Revenant à L.A. 20 ans après, Manny découvre que les tragédies vécues par Nelly, Jack et tous les autres ont abouti au chef d’œuvre qu’est Chantons sous la pluie. Drôle de paradoxe que cette citation, puisque dès l’introduction, Stanley Donen s’amuse (et nous avec) de l’écart entre le discours public de Don Lockwood sur la prétendue « dignité » de son parcours artistique et la réalité de ses petits boulots. Dans cette « illusion révélée », rien de pervers pourtant, mais une série de compromissions professionnelles, à laquelle tout salarié désireux de survivre dans une économie de marché peut s’identifier. Et que dire de son célèbre lever de rideau final, si ce n’est que c’est un autre dévoilement qu’il opère : le jeu de doublage imposé par une actrice qui possède les droits sur son image et qui peut, par contrats et avocats interposés, soumettre son producteur à ses doléances et s’accaparer la voix d’une autre. Drôle de paradoxe, enfin et surtout, parce que tout en mettant en scène ces tensions entre acteurs, producteurs ou scénaristes, Donen, ne perd jamais de vue le mot d’ordre d’une des chansons du film : « make ’em laugh ! »

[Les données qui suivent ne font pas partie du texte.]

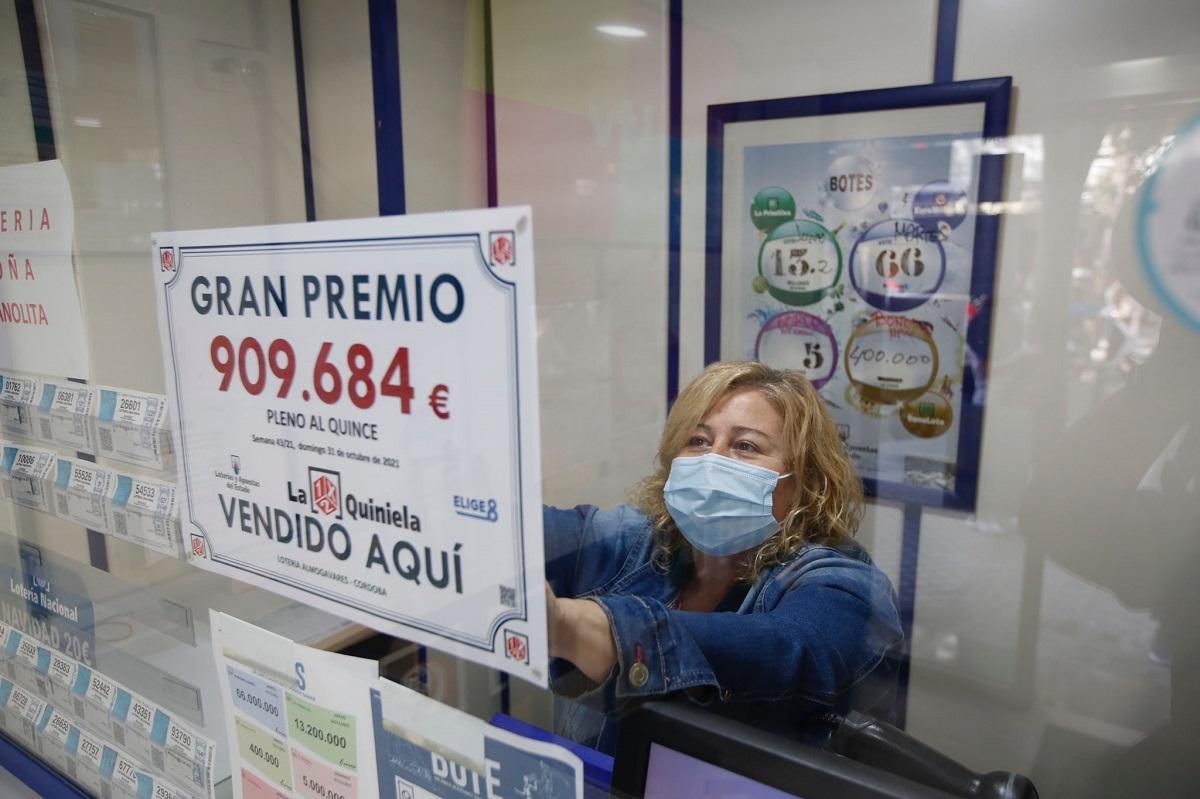 Una de las dependientas del despacho de apuestas coloca un cartel donde se informa del premio.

On mesure finalement l’inanité et l’anachronisme d’un projet qui, cinq ans après Weinstein et MeToo, n’a rien d’autre à répandre que de vilains petits secrets, qui font le miel hebdomadaire des tabloïds depuis que les stars existent. Ces derniers, s’ils affichent la même complaisance, ont au moins la décence de ne pas se prendre pour ce qu’ils ne sont pas. Dans cette stratégie d’épandage, foin de transformation philosophale : Babylon s’est arrêté à mi-parcours.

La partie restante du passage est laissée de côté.